The cat fluffed out her fur and then let it settle down. She headed for home. “You know what I think?”
“No.”
“I think tomorrow at work will be impossible. Lardguts will go on and on and on about the head in the pumpkin. She got her name and her picture in the paper. God help us.” Mrs. Murphy laughed.
24
“. . . and the maggots had a field day, I can tell you that.” Pewter perched on the hood of Harry’s truck, parked behind the post office.
Mrs. Murphy, seated next to her, listened to the un-ending paean of self-praise. Tucker sat on the ground.
“I heard you ran into the squashes,” Tucker called up.
“Of course I did, nitwit. I didn’t want to injure the evidence,” Pewter bragged. “Boy, you should have heard people scream once they realized it was real. A few even puked. Now I watched everyone—everyone—from my vantage point. Mrs. Hogendobber was horrified but has a cast-iron stomach. Poor Danny, was he grossed out! Susan and Ned rushed up to him but he wanted to go to his friends instead. That age, you know. Oh, Big Marilyn, she wasn’t grossed out at all. She was outraged. I thought she’d flip her lid after the corpse in the boathouse but no, she was mad, bullshit mad, I tell you. Fitz stood there with his mouth hanging open. Little Marilyn hollered that she recognized the face, what there was of it. Harry didn’t move a muscle. Stood there like a stone taking it all in. You know how she gets when things are awful. Real quiet and still. Oh, BoomBoom dropped, tits into the sand, and Blair keeled over too. What a night. I knew something was wrong with that pumpkin. I sat next to it. It takes humans so long to see the obvious.” Pewter sighed a superior sigh.
“You were a teeny weeny bit disgusted.” Mrs. Murphy flicked her tail.
Pewter turned her head. She puffed out her chest, refusing to be baited by her dearest friend, who was also a source of torment. “Certainly not.”
A door closed in the near distance. The animals turned, observing Mrs. Hogendobber striding up the alleyway. As she drew near the animals she opened her mouth to speak to them but closed it again. She felt vaguely foolish carrying on a conversation with animals. This didn’t prevent her from talking to herself, however. She smiled at the creatures and walked into the post office.
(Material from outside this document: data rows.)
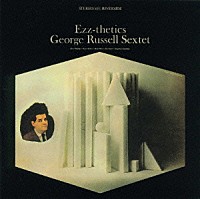 ジョージ・ラッセル「 エズセティックス」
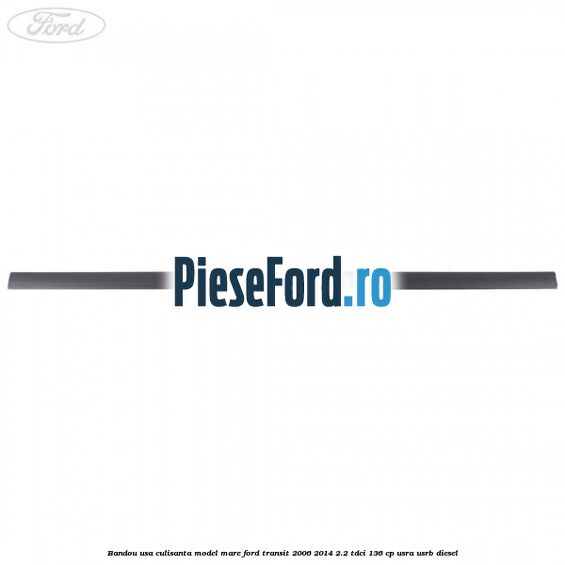 Bandou usa culisanta model mare Ford Transit 2006-2014 2.2 TDCi 136 cp USRA, USRB diesel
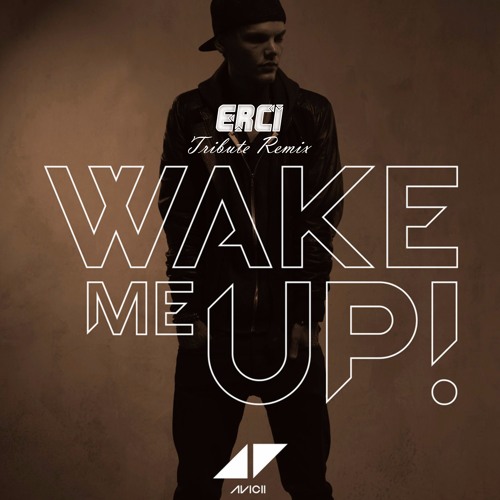 Erci - Avicii - Wake Me Up (Erci Tribute Remix) | Spinnin' Records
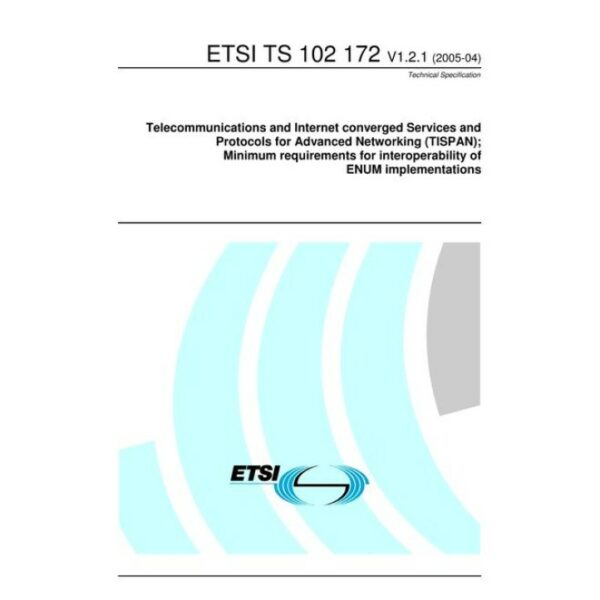 ETSI TS 102 172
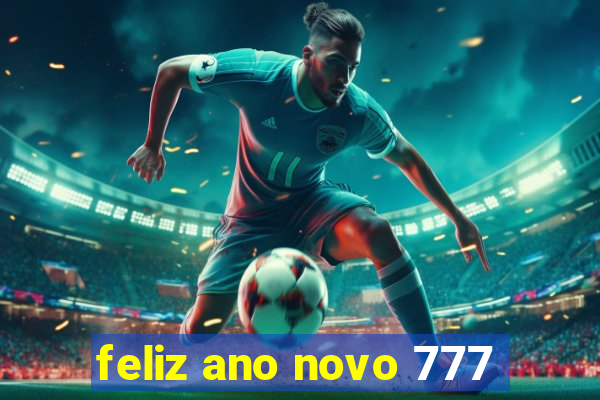 feliz ano novo 777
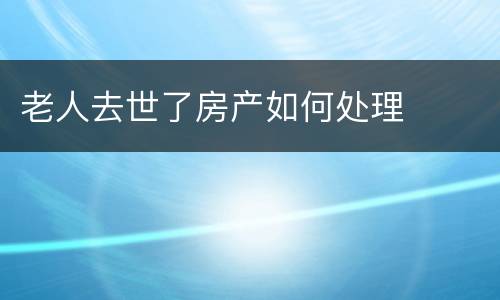 老人去世了房产如何处理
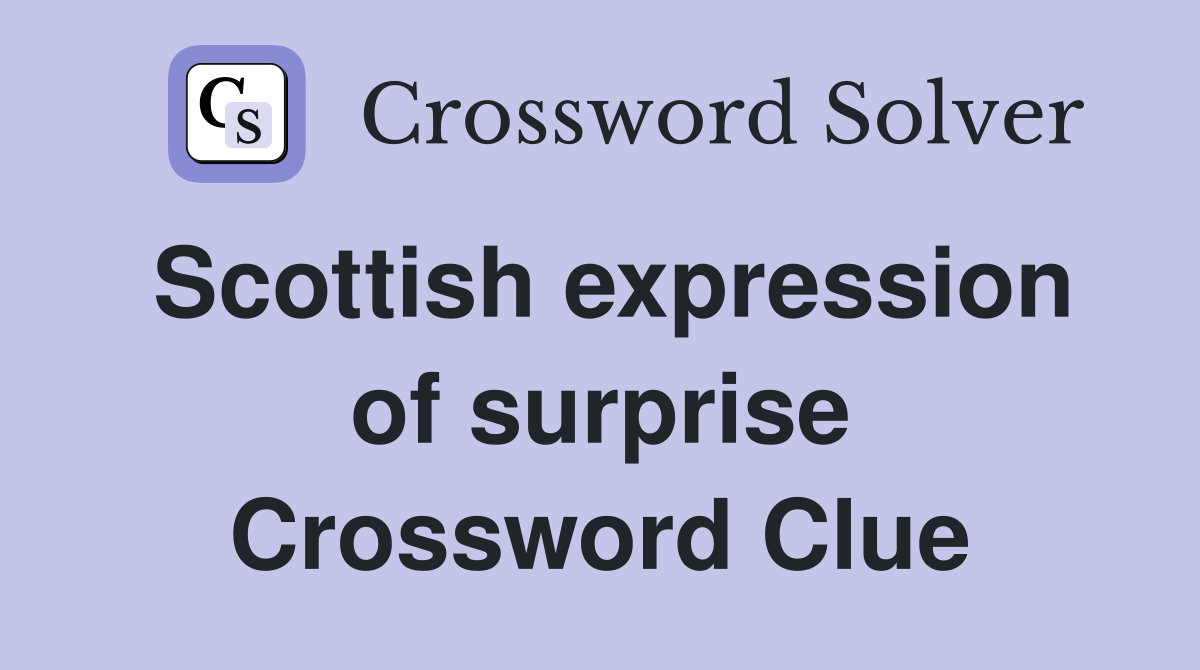 Scottish expression of surprise Crossword Clue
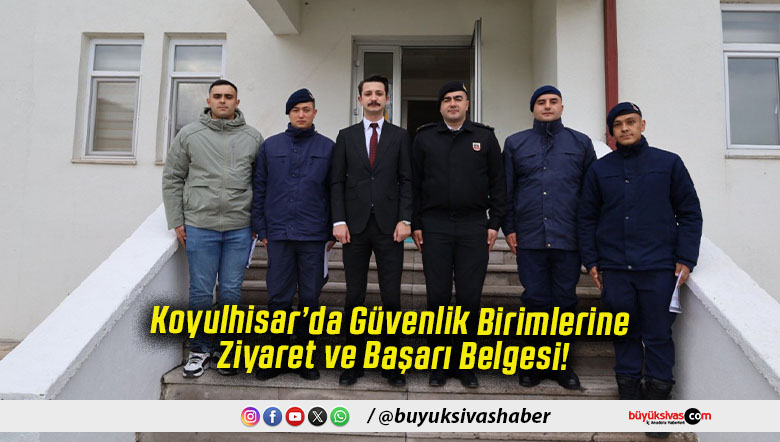 Koyulhisar’da Güvenlik Birimlerine Ziyaret ve Başarı Belgesi!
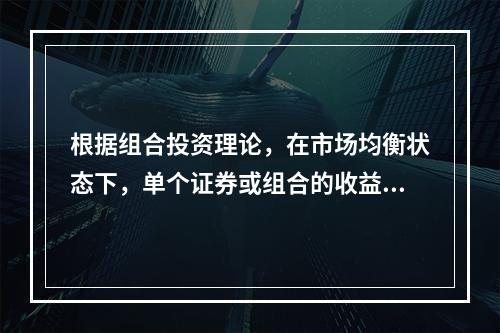 根据组合投资理论，在市场均衡状态下，单个证券或组合的收益E（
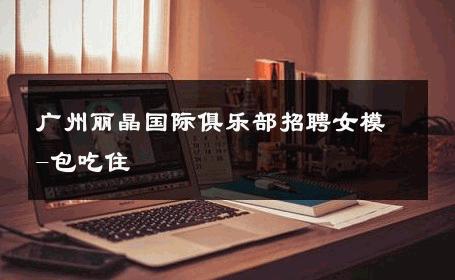 广州丽晶国际俱乐部招聘女模-包吃住 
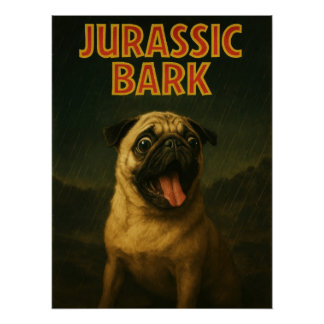 Pôster Jurassic Bark Pug Parody Poster | Funny Movie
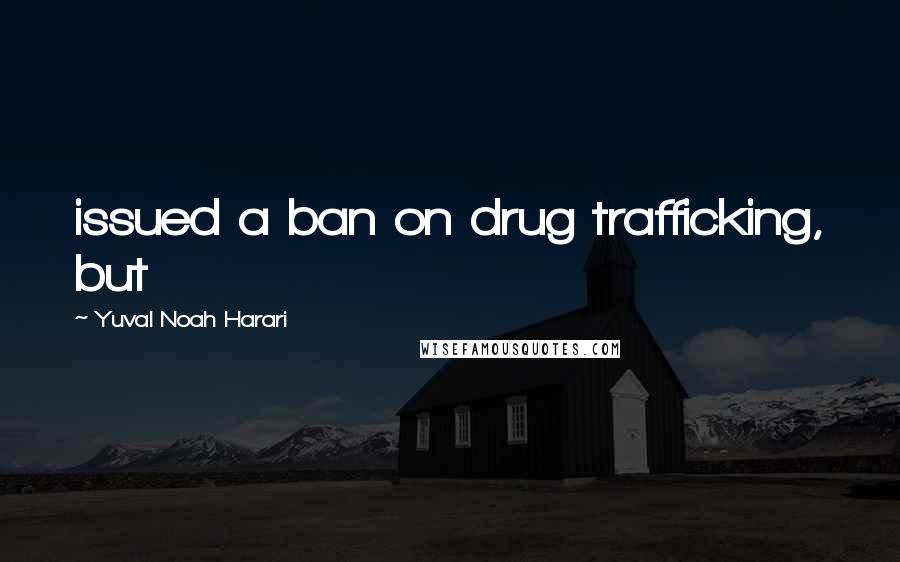 Yuval Noah Harari Quotes: issued a ban on drug trafficking, but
“Why’d Harry bring the truck?” Pewter asked.
“Wore herself out yesterday,” Tucker replied.
Mrs. Murphy licked the side of her right front paw and rubbed it over her ears. “Pewter, do you have any theories about this?”
“Yeah, we got a real nut case on the loose.”
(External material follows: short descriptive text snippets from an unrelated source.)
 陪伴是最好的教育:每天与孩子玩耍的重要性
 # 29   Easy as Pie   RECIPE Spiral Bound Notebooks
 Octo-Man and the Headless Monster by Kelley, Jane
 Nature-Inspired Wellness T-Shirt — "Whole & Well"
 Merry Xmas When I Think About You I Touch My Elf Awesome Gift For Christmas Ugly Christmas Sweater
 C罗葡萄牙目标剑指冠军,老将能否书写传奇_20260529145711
“I don’t think so.” Mrs. Murphy washed the other paw.
“What makes you so smart?” Pewter snapped.
Mrs. Murphy let that go by. “If a human being has the time to think about a murder he can often make it look like an accident or natural death. If one of them kills in the heat of passion it’s a bullet wound or a knife wound. Right?”
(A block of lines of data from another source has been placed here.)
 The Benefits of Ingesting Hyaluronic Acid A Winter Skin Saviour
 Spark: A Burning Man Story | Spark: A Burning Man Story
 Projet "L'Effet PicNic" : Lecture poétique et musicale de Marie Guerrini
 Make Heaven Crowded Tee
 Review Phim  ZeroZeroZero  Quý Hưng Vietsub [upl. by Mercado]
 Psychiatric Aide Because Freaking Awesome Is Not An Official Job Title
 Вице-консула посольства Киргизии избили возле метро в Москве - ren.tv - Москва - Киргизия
“Right,” Tucker echoed, while Pewter’s eyes narrowed to slits.
“Murphy, we all know that.”
“Then we know it was a hurry-up job and it wasn’t passion. Someone in Crozet was surprised by the dead person.”
“A nasty surprise.” Tucker followed her friend’s thinking. “But who? And what could be so terrible about the victim that he should have had to die for it?”